+++ EXERCISE INPUT
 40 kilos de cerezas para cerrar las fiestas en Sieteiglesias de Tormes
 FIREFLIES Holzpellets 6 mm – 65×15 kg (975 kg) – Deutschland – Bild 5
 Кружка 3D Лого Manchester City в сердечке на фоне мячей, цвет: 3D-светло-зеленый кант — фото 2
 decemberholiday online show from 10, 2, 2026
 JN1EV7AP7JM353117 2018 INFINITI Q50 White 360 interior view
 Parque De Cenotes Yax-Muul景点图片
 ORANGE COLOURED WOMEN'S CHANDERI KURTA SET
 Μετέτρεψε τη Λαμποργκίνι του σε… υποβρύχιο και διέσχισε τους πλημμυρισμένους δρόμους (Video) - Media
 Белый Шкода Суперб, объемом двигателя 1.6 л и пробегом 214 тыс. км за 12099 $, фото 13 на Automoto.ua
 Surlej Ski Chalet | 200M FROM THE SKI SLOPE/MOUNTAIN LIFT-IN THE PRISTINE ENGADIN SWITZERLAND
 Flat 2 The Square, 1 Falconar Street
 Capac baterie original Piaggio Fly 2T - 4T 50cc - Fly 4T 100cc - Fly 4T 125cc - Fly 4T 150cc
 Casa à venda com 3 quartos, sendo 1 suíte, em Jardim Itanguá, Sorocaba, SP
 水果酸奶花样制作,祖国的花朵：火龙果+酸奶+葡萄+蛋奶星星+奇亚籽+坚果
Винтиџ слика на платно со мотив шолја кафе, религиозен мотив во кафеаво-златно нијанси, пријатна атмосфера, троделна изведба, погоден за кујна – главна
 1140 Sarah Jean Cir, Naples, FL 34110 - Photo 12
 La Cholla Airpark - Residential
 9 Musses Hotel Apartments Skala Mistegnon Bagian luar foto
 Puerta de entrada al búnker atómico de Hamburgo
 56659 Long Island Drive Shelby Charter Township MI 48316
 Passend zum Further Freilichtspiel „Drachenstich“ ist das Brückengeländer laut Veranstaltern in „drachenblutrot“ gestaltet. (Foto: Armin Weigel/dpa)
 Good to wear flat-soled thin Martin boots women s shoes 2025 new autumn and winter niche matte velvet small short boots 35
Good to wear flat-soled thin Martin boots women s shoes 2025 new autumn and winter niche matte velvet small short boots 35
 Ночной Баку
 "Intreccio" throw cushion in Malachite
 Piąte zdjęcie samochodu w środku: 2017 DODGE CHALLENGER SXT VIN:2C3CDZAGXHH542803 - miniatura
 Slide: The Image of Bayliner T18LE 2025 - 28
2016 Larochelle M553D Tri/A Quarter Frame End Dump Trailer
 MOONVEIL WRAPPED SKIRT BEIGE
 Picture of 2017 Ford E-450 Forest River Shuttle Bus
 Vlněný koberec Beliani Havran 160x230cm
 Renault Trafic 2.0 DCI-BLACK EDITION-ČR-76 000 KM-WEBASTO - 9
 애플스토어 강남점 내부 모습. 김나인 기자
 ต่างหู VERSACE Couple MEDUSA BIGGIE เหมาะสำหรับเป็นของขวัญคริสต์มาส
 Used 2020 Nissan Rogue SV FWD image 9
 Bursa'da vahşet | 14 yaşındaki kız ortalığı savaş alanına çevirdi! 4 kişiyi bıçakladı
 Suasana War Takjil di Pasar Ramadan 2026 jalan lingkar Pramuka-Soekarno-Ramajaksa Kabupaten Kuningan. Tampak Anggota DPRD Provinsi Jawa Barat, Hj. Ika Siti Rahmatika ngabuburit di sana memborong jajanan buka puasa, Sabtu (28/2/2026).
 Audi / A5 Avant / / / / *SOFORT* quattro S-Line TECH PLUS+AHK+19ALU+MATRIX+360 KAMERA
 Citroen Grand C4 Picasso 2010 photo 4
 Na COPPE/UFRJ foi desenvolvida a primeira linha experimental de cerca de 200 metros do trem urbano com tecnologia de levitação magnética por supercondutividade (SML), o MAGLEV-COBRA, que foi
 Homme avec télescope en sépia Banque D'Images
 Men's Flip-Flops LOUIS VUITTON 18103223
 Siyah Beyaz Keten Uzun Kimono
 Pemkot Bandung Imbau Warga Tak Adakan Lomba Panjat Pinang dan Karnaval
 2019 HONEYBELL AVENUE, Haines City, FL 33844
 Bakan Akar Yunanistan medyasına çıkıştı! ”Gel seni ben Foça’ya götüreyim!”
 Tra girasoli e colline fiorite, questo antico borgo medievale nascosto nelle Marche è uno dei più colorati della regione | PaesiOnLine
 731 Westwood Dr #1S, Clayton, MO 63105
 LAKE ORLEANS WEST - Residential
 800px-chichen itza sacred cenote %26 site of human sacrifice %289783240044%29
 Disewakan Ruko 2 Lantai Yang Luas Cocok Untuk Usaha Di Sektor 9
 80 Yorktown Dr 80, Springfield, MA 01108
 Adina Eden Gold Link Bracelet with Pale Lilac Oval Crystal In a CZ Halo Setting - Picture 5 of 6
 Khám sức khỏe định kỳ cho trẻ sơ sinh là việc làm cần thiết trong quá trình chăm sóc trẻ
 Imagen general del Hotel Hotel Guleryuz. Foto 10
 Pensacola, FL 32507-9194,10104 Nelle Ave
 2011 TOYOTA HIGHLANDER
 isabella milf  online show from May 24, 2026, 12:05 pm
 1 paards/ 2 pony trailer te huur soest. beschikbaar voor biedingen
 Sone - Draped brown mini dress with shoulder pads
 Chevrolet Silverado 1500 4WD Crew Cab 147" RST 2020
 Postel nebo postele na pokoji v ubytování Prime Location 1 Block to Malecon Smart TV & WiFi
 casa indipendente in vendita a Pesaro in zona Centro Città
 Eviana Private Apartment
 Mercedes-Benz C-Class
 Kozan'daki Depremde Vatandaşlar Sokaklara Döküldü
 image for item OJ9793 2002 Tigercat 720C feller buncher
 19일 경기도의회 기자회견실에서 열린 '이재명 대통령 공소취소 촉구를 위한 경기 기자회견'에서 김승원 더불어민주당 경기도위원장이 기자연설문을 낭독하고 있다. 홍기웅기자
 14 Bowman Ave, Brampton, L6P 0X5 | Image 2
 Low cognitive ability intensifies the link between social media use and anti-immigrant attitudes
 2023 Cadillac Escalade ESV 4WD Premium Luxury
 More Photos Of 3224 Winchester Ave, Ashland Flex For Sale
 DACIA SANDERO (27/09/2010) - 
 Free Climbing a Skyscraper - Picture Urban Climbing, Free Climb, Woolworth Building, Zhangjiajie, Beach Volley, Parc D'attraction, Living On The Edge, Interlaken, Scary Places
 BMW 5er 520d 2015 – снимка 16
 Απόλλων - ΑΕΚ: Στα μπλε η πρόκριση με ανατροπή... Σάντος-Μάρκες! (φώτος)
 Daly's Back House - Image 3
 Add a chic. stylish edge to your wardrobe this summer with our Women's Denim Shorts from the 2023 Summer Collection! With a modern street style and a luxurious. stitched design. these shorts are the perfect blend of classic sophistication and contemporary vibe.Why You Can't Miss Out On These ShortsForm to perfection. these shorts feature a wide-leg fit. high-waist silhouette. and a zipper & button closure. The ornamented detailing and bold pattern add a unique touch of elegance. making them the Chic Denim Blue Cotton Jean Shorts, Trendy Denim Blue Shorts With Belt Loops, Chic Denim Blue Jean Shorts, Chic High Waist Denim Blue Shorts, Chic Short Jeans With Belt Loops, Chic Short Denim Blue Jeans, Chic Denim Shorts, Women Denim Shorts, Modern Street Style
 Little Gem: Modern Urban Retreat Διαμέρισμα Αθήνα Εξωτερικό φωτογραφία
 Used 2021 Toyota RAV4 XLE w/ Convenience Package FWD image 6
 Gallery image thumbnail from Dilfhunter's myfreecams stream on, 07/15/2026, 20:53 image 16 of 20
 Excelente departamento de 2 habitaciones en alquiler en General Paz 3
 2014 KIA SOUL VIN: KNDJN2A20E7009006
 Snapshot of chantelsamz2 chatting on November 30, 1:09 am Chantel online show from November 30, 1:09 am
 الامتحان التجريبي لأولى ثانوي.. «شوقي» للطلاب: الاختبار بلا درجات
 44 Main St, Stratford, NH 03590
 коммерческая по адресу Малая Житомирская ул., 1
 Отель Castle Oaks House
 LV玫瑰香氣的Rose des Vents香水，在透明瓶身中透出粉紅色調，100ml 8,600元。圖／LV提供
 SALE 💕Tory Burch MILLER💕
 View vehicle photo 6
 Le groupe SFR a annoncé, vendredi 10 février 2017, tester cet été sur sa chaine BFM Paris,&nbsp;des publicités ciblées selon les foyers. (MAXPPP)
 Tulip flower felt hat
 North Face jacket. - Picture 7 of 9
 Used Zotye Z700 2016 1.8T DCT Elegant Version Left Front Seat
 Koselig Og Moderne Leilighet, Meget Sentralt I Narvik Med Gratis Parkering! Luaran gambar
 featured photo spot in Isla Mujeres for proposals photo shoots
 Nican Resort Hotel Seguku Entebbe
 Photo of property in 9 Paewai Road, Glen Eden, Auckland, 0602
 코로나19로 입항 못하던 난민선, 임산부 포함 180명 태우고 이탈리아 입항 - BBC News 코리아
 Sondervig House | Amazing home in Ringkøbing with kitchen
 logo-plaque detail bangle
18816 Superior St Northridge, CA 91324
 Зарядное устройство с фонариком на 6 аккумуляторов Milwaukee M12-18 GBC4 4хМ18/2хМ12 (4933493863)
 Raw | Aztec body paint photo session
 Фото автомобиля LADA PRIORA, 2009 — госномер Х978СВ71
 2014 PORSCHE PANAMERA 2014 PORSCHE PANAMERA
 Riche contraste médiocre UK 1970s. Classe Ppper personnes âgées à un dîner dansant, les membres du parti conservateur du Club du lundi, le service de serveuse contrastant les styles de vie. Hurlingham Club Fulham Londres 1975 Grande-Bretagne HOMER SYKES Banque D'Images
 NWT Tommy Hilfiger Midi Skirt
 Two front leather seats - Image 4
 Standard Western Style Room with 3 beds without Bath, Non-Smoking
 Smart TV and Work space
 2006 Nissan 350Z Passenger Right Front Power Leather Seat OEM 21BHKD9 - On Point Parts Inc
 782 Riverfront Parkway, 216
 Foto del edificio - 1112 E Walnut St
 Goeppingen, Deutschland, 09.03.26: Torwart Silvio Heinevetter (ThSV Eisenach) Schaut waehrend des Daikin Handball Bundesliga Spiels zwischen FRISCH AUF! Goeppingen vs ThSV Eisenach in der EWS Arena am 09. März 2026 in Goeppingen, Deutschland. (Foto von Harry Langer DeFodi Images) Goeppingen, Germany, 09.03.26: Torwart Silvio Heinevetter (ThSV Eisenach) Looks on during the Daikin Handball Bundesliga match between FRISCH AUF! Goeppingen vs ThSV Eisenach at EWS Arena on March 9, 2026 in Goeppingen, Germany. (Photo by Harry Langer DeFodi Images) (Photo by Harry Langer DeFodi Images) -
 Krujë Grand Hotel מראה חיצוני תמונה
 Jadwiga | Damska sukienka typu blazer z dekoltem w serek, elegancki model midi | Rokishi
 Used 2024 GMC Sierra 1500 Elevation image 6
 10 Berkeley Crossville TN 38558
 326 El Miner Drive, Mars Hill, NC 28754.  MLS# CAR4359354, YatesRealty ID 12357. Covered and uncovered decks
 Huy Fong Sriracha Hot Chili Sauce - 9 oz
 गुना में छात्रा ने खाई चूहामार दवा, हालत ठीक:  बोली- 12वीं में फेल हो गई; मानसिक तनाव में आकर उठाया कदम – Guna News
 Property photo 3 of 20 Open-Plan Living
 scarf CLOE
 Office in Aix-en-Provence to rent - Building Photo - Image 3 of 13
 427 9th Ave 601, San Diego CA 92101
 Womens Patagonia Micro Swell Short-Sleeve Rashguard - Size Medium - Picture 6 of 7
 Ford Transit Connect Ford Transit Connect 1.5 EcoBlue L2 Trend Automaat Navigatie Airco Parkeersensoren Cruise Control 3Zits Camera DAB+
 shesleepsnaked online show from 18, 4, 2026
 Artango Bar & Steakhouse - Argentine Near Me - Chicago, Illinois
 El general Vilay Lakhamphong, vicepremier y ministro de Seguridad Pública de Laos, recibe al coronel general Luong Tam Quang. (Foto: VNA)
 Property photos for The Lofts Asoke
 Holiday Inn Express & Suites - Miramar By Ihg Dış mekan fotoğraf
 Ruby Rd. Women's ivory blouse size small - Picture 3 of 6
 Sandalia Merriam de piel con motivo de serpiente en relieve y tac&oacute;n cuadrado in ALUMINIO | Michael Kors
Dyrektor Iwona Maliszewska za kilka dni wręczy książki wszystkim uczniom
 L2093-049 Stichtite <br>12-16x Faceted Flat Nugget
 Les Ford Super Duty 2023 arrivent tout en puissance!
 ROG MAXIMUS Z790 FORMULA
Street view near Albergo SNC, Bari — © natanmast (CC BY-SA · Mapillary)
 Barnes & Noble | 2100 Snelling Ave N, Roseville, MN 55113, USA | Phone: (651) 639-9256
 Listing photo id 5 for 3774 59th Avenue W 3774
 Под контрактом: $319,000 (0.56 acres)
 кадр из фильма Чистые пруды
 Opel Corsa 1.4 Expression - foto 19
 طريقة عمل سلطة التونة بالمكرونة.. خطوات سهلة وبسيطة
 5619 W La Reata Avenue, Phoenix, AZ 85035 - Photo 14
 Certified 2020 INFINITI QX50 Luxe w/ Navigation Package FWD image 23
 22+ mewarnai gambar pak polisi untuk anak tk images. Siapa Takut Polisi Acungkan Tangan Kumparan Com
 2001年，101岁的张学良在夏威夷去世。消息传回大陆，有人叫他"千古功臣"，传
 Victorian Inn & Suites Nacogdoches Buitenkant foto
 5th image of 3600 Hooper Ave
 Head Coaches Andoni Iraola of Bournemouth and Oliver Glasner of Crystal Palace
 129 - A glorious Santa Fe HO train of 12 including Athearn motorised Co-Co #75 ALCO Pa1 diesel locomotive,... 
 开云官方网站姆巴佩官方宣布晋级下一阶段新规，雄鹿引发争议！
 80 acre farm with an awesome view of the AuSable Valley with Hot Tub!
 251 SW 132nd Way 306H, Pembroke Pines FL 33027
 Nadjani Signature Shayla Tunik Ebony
++++++
§ **ACTION ITEM**
Within the data above, tally every line that has "City" in it. Answer with the number only.

§ **RESPONSE TO THE EXERCISE**
2